And if you belive that, I’ve got some land in Florida…..
Dungheap
@Holden Pattern:
Actually, if you have a central place for all notarizations of documents to take place the fact that the same notaries keep showing up would not be at all surprising and would be no reason to suspect fraud. And yes, I do think it would be much easier to get a group of people in one central location to engage in fraud than it would be to get 50 different groups of people in 50 different states to do so.
Second, if you want to prove a document was falsely notarized and the notary in question lives halfway across the country taking the deposition of the notary becomes a whole hell of a lot more expensive than if the notary is in state.
I’m not saying the bill was designed with some evil intent to enable fraud, but it does make committing fraud easier.
eemom
@Omnes Omnibus:
yeah, that was kind of my point.
Holden Pattern
@joe from Lowell: Nope, I wasn’t here yesterday. I just think the paranoia about the evil banksters on this issue is stupid and misplaced (and I rarely think paranoia about banksters is either stupid or misplaced).

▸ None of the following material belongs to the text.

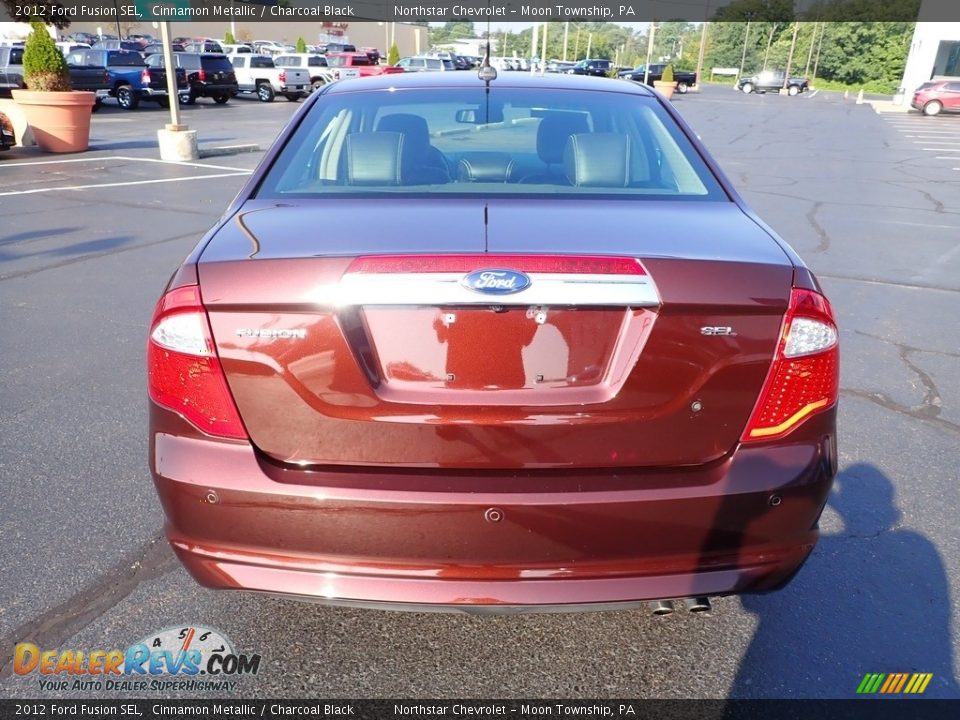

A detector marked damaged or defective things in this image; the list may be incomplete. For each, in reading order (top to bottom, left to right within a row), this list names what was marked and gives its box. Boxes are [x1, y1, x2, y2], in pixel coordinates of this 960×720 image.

parking lot crack [0, 532, 176, 676]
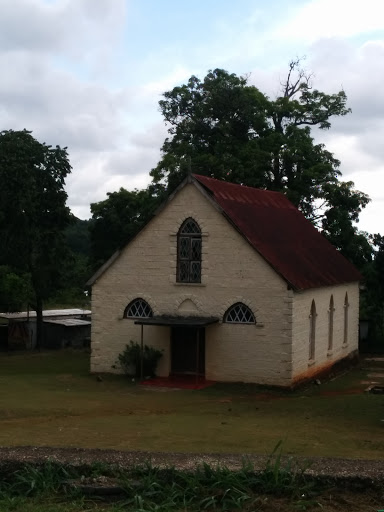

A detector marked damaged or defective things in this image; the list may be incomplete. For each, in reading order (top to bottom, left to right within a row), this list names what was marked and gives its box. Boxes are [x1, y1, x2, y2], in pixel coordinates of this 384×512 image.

rusty corrugated roof [194, 174, 362, 290]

People accept the validity of documents from out of state all the time. ALL THE TIME. Some states recognize out of state notarizations for some things. Some states don’t. People sue other people out of state all the time, and do discovery all the time. There are many states out west where you are much much closer to an adjacent state than you are other places in your own state. This bill has been submitted four times since 1998, three times in the same form, and passed the House the exact same way all three of the most recent times.
If folks want to say “hey, there might be unintended consequences here given the circumstances” that totally makes sense to me, even if I don’t think they’re going to be big consequences. But there’s simply no way that the intended consequence of this thing is to support wholesale fraud.
joe from Lowell
@Holden Pattern:
See, this is what I’m talking about. You’re not this stupid. You know that an employee of a fraudulent document mill isn’t going to tell someone on the phone, “Oh, those things aren’t actually notarized legally. We just put signatures and stamps all over the place!” You know this, and are plainly, deliberately playing dumb.
Which brings us back to the question of what made it such a priority that the alll-but-shut-down Senate passed it by a voice vote this year. Gee, let’s think really hard, and see if we can come up with a reason why somebody with influence in Congress might work especially hard to make it harder to challenge fraudulent foreclosure documents?
Hey, I know!
duck-billed placelot
@Omnes Omnibus: “Why is everyone fighting?”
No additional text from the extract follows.